The gap is closing — on the popular path#
To be fair to Neuron, the tooling has moved fast. The SDK integrates natively with PyTorch, JAX, and Hugging Face, and ships its own NxD Inference library. Crucially, vLLM V1 now runs on Neuron through the vLLM-Neuron plugin, bringing continuous batching, speculative decoding, and an OpenAI-compatible server to Trainium and Inferentia. Amazon's own Rufus assistant scaled to multi-node inference on Trainium with vLLM, and recent Neuron releases added beta support for Qwen3 MoE and Pixtral from HF checkpoints.
Read the fine print, though. vLLM V0 support was already sunset; some distributed-inference paths require AWS's Neuron fork rather than upstream vLLM; and "supported" still means a narrower set than CUDA's everything-everywhere. The well-trodden path is now smooth. Step off it and you feel the difference immediately.
The capacity card#
There's one argument for Trainium that has nothing to do with price or software: you can get the chips. Through 2024-2026, frontier GPU supply was the binding constraint for half the industry, and AWS's pitch — committed Trainium2 capacity, with Trainium3 following — is partly a pitch about availability. The marquee proof point is verifiable and not subtle: Anthropic runs and trains Claude on Project Rainier, a cluster that grew from roughly 500,000 to over one million Trainium2 chips across multiple states, with the majority of chips used for inference. Anthropic has also committed over $100 billion to AWS and secured up to 5 GW of capacity.
But read Anthropic's own framing carefully. The company says it runs Claude across "a range of AI hardware — AWS Trainium, Google TPUs, and NVIDIA GPUs" so it can "match workloads to the chips best suited for them." That is not an endorsement of Trainium as a GPU replacement.
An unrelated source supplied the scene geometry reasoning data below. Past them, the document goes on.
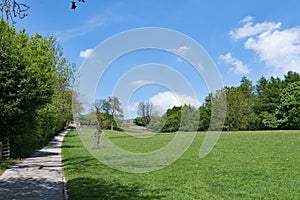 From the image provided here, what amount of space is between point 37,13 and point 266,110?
217ft

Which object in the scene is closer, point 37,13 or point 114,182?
point 37,13

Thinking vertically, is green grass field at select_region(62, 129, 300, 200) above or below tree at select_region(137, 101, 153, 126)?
below

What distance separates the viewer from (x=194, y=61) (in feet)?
44.4

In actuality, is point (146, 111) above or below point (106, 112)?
above

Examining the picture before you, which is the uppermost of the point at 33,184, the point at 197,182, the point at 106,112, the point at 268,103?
the point at 268,103

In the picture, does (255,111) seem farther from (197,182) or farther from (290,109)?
(197,182)

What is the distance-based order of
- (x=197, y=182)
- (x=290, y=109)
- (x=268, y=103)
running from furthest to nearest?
(x=268, y=103), (x=290, y=109), (x=197, y=182)

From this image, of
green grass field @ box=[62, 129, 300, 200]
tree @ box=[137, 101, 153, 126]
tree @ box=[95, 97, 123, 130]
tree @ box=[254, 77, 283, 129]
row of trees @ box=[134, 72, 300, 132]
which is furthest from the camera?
tree @ box=[254, 77, 283, 129]

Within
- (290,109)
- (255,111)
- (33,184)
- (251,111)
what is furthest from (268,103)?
(33,184)

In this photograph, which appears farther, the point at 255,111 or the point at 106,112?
the point at 255,111

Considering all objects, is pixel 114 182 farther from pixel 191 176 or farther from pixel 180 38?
pixel 180 38

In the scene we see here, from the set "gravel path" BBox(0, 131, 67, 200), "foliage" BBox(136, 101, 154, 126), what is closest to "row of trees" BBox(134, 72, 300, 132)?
"foliage" BBox(136, 101, 154, 126)

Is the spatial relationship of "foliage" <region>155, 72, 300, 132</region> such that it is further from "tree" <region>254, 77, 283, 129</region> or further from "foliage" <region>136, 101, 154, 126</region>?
"foliage" <region>136, 101, 154, 126</region>

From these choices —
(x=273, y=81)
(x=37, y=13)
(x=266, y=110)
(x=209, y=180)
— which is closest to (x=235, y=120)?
(x=266, y=110) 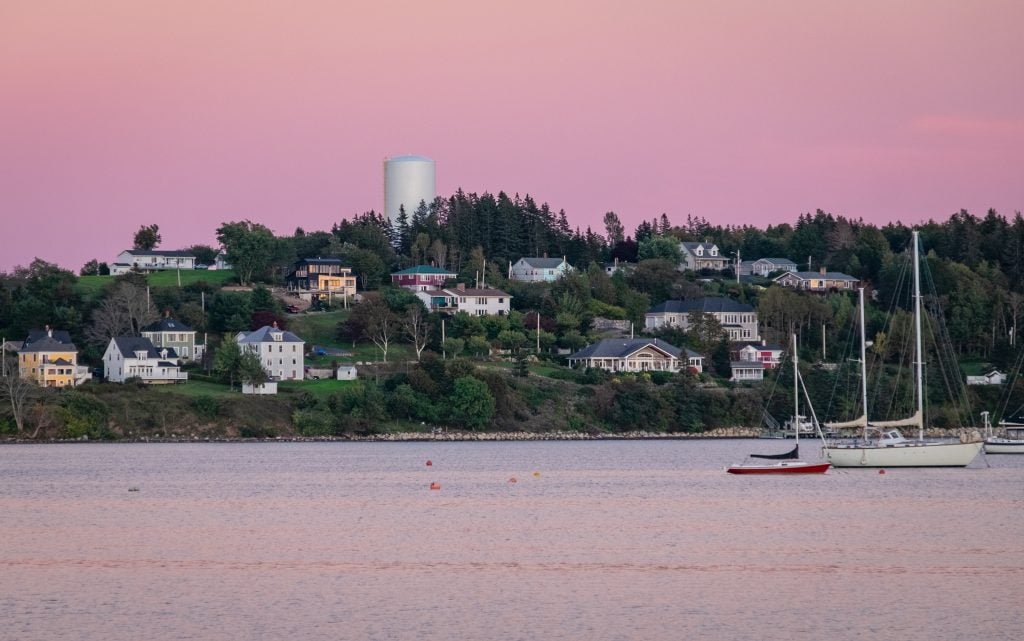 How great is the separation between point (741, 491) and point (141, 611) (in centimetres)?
3110

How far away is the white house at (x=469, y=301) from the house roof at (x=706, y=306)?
Answer: 14.1 metres

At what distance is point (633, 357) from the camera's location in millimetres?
111188

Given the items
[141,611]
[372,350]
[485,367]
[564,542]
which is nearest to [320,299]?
[372,350]

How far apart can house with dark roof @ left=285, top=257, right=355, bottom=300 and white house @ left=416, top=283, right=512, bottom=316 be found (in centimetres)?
838

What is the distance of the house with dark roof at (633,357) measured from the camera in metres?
110

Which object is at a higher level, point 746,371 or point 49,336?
point 49,336

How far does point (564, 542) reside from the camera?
3709cm

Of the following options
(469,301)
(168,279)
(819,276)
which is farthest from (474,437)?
(819,276)

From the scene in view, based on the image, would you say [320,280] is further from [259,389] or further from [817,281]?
[817,281]

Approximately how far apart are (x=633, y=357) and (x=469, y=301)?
798 inches

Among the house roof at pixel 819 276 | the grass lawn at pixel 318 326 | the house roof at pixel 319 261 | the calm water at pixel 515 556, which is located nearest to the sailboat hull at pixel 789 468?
the calm water at pixel 515 556

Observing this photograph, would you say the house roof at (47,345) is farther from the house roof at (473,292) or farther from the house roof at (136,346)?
the house roof at (473,292)

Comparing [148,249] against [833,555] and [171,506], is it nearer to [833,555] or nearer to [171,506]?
[171,506]

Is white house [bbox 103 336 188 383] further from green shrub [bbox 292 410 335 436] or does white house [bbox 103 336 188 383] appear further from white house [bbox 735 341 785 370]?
white house [bbox 735 341 785 370] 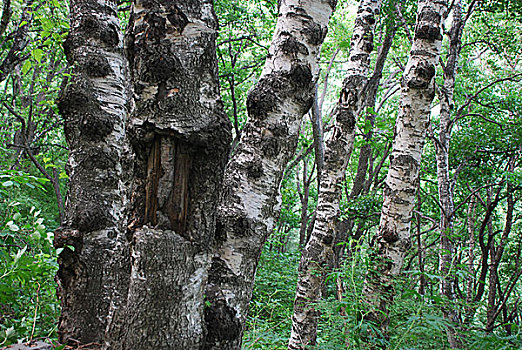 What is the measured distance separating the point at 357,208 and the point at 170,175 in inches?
250

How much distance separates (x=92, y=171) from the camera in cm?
248

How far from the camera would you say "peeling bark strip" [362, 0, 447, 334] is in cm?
309

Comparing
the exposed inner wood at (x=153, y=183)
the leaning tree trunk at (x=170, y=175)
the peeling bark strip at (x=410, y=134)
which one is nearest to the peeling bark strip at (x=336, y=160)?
the peeling bark strip at (x=410, y=134)

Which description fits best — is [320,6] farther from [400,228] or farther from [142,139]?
[400,228]

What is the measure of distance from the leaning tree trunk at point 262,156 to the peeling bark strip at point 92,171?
943 mm

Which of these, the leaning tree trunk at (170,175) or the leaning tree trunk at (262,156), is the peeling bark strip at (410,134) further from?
the leaning tree trunk at (170,175)

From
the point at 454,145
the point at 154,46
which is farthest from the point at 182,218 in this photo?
the point at 454,145

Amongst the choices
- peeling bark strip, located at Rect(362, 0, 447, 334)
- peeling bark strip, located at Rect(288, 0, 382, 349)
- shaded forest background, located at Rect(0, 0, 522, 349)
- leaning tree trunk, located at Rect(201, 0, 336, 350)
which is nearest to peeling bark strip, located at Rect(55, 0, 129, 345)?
shaded forest background, located at Rect(0, 0, 522, 349)

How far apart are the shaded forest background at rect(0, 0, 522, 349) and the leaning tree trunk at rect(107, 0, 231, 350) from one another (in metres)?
0.83

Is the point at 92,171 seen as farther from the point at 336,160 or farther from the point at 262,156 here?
the point at 336,160

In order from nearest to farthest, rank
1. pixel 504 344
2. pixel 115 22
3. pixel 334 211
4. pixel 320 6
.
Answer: pixel 320 6
pixel 504 344
pixel 115 22
pixel 334 211

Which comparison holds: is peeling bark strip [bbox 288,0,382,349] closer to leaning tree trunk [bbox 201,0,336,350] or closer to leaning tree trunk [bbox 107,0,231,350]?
leaning tree trunk [bbox 201,0,336,350]

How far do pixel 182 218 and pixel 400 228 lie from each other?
7.63 feet

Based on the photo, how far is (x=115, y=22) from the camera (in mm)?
2807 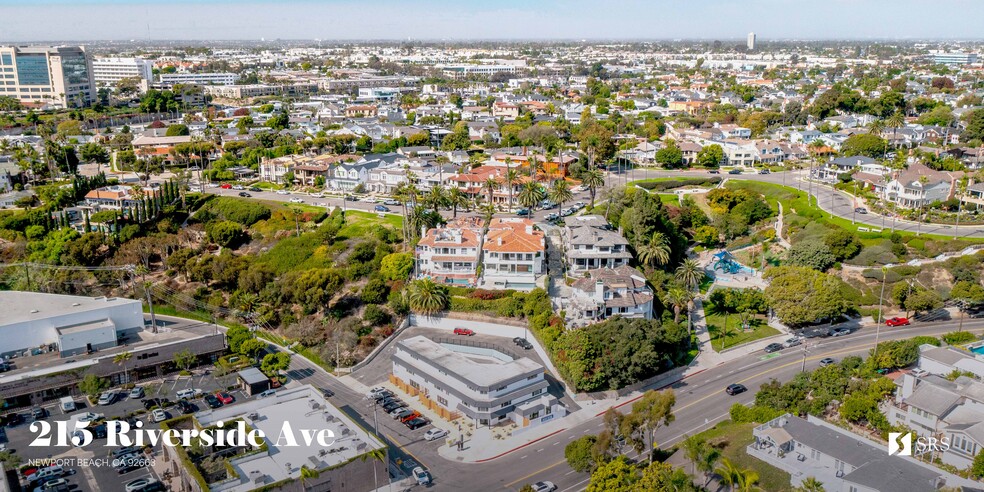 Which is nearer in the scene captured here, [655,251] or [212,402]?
[212,402]

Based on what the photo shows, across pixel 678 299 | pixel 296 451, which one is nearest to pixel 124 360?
pixel 296 451

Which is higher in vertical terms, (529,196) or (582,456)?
(529,196)

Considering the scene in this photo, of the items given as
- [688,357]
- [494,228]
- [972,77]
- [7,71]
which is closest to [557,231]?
[494,228]

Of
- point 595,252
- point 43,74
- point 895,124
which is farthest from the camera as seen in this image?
point 43,74

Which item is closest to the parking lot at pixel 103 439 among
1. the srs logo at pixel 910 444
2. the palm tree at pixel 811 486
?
the palm tree at pixel 811 486

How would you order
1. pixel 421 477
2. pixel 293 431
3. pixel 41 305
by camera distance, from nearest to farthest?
pixel 421 477, pixel 293 431, pixel 41 305

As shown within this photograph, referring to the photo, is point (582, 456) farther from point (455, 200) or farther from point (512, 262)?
point (455, 200) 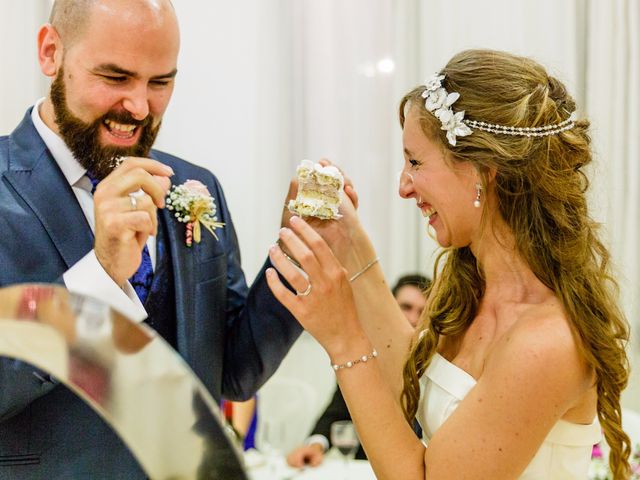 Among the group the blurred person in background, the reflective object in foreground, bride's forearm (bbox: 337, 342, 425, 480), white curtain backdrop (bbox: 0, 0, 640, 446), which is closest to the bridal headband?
bride's forearm (bbox: 337, 342, 425, 480)

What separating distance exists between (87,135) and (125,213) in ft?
1.49

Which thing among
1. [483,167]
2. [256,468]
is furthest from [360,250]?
[256,468]

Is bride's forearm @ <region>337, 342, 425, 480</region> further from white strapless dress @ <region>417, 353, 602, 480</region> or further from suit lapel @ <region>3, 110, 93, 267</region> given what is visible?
suit lapel @ <region>3, 110, 93, 267</region>

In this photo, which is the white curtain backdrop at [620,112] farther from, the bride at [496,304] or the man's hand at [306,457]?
the bride at [496,304]

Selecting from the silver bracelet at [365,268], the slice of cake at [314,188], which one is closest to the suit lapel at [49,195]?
the slice of cake at [314,188]

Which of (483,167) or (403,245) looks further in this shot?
(403,245)

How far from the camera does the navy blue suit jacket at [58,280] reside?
177 centimetres

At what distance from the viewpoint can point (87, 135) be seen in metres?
1.96

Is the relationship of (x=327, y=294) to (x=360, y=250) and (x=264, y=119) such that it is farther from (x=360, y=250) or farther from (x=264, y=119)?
(x=264, y=119)

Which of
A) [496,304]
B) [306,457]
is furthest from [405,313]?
[496,304]

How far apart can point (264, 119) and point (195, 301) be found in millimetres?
3196

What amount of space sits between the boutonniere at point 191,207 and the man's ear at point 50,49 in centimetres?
43

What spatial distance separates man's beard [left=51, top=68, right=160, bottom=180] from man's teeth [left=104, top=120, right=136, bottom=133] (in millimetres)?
10

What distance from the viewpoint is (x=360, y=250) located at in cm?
243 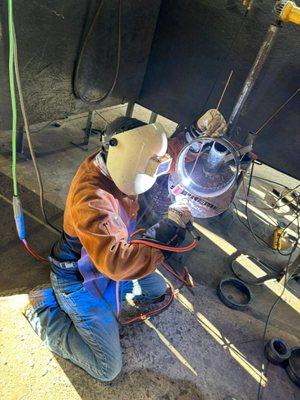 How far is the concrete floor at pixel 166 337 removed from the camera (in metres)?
1.81

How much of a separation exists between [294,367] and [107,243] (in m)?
1.72

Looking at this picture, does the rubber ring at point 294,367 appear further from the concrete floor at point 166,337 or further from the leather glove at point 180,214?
the leather glove at point 180,214

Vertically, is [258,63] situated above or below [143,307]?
above

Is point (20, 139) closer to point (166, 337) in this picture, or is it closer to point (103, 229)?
point (103, 229)

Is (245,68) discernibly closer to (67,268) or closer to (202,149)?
(202,149)

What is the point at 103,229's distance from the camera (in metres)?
1.48

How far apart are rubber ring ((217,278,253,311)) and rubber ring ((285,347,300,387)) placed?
464 mm

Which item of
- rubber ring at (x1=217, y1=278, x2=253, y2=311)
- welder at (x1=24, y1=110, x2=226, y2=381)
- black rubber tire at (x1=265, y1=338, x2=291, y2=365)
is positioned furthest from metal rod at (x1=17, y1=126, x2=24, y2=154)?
black rubber tire at (x1=265, y1=338, x2=291, y2=365)

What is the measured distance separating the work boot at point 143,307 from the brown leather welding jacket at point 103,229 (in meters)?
0.78

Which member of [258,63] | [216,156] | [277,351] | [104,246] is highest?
[258,63]

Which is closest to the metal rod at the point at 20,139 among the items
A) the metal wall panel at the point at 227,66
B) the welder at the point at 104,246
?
the metal wall panel at the point at 227,66

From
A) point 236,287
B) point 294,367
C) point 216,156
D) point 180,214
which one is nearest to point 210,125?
point 216,156

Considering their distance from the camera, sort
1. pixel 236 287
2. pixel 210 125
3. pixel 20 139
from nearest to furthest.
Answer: pixel 210 125, pixel 236 287, pixel 20 139

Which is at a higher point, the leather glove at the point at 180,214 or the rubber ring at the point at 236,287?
the leather glove at the point at 180,214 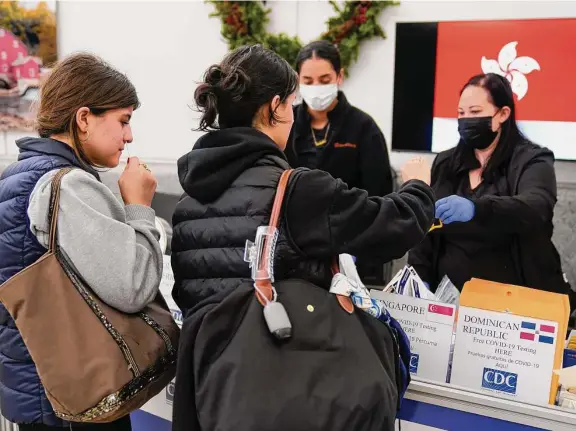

It's a statement that, at frontier scale, the smart move is a portfolio — and that the entity best positioned to absorb Neuron's tooling cost is one co-designing the stack with AWS and serving enough volume to amortize it across billions of tokens.
Who should actually consider it#
The honest verdict tracks scale and stickiness. If you're already deep in AWS, serving a Neuron-supported model at steady, high volume, and you can spend the up-front engineering to compile and tune it, the 30-40% is a real, recurring saving — Inf2 for stable inference, Trn2 if you also train. If you're chasing the newest architectures, prizing research velocity, running multi-cloud, or you can't afford a model whose support is a roadmap item, CUDA's frictionlessness is worth the premium, full stop.
And for most teams the prior question is whether to own any silicon at all — the self-hosting versus API math only favors hardware above a real utilization floor, and below it scale-to-zero serving or a managed API beats every chip on this page. Trainium's price-performance is genuine. Just remember you're not comparing two chips. You're comparing a cheaper bill against an ecosystem that asks you for nothing — and pricing the difference in your own engineers' time.